Obviously, Baku had to accept this strange outcome because Putin and Erdogan had become “competing partners,” as commentators in Moscow put it. However, in 2020, Putin was on the rise. Karabakh seemed to be just a piece in a much larger design. Reminder: In the summer of 2020, Alexander Lukashenko, Belarus' permanent dictator, nearly lost power in the face of mass protests. Putin intervened and secured Belarus.
The inconclusive war in Karabakh has left both Armenia and Azerbaijan awkwardly dependent on Russia. As for Georgia, acquiescence seemed a foregone conclusion under its current faceless leadership. Then in January 2022, an unexpected (always unexpected) popular uprising in Kazakhstan, the largest country in Central Asia, nearly destroyed the regime and the state. Russian peacekeepers again came to the rescue and, surprisingly, left the country almost immediately. Naturally, they were needed for a surprise attack on Ukraine. But this maneuver failed in the face of Ukrainian resistance.
Then the fate of Karabakh was decided. Baku, ever risk-averse, circled the target for another year and a half as it watched Russian power decline. Moreover, Russia itself has become critically dependent on Azerbaijan and Turkey to circumvent Western sanctions and reach out to its valuable new Iranian partner.
What about Armenia? For Moscow, which is currently struggling on all fronts, regime change in Yerevan would certainly be desirable. The Russian military base in Armenia remains Moscow's last location in the South Caucasus. The end of the Armenian presence in Karabakh could lead to the demise of Pashinyan's populist democracy.

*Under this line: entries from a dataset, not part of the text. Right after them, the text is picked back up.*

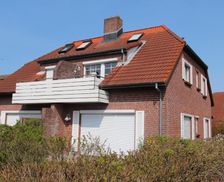 Germany Lower-Saxony Norddeich vacation rental compare prices direct by owner 28331397
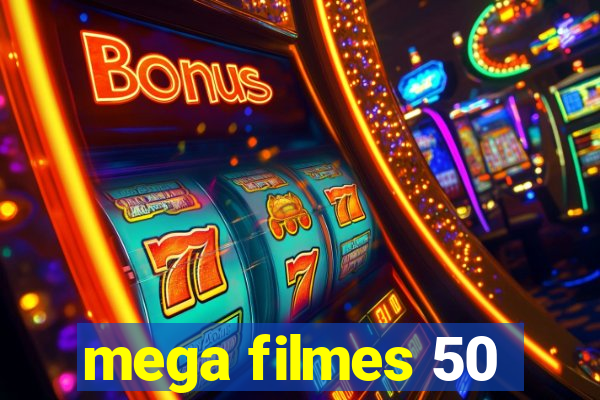 mega filmes 50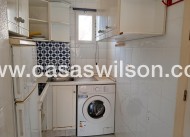 Sale - Apartment - Torrevieja - Carrefour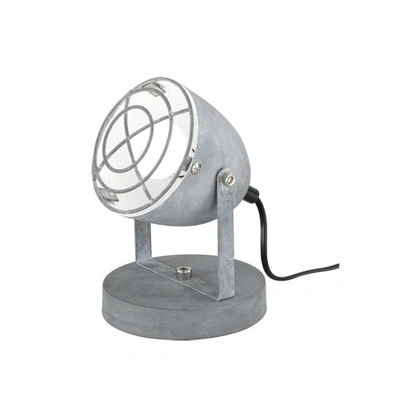 Настольная лампа Reality R50391078 Cammy (R50391078)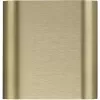 Настенный светильник Magnum 7107/2WL Odeon Light Настенный светильник Magnum 7107/2WL Odeon Light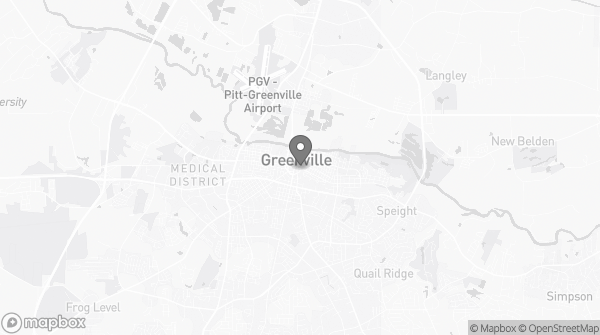 Bitcoin ATM in Greenville, NC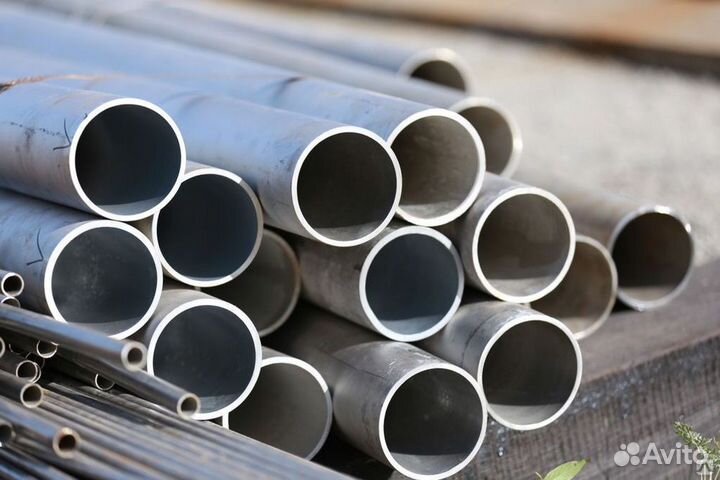 Спектральный экспресс химический анализ сталей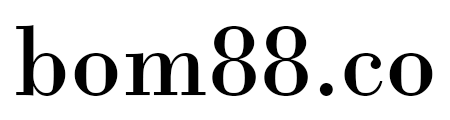Bom88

However, many Armenians are now painfully aware that, after two centuries, Moscow is no longer their ally. This realization first emerged during Gorbachev's well-intentioned reforms, which ultimately led to the destruction of the Soviet Union. Ironically, Putin's geopolitical designs may now lead to the destruction of the Russian position. History is full of such tragic ironies. Small wars in far away places can be world wars.